Comparative Apparent Hydraulic Conductance, Leaf Gas Exchange, and Water Resource Partitioning of Populus euphratica Trees and Saplings

Water acquisition via the root system of woody species is a key factor governing plant physiology. In order to compare the impact of water acquisition on the hydraulic and photosynthetic characteristics of different-sized Populus euphratic, which is a desert riparian tree species, we quantified leaf hydraulic conductance (K-L), stomatal conductance (g(s)), net photosynthetic rate (P-N), predawn and midday leaf water potential (psi), and the stem delta O-18 of the saplings and mature trees. The results showed that the saplings had a lower predawn leaf water potential (psi(pd)) and soil-to-leaf water potential gradient (Delta psi) and a higher K-L than the mature trees but had a similar g(s) and P-N to the mature trees. In arid zones, probably due to root limitation, the saplings were more likely to use unreliable topsoil water (<80 cm), whereas the mature trees typically uptake reliable deep soil water (>80 cm) and groundwater due to having deeper root systems.
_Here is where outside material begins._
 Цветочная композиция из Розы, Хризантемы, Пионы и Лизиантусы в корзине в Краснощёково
The unreliability of the water supply might make saplings hold a higher hydraulic conductance to ensure that the water is transported efficiently to the leaves and to satisfy their transpiration need. In contrast, the mature trees, which uptake the more reliable deeper water resources, had a relatively low leaf-specific hydraulic conductance because of the increased path length versus the saplings. However, adult trees can maintain stomatal conductance by upregulating Delta psi, thereby facilitating their ability to maintain a carbon assimilation rate similar to that of the saplings. This regulating behavior benefits mature trees' net carbon gain, but it comes at the expense of an increased risk of hydraulic failure. These results imply that the top priority for saplings should be to maintain hydraulic system functioning, whereas, for mature trees, the priority is to assure stable net carbon gain for their growth.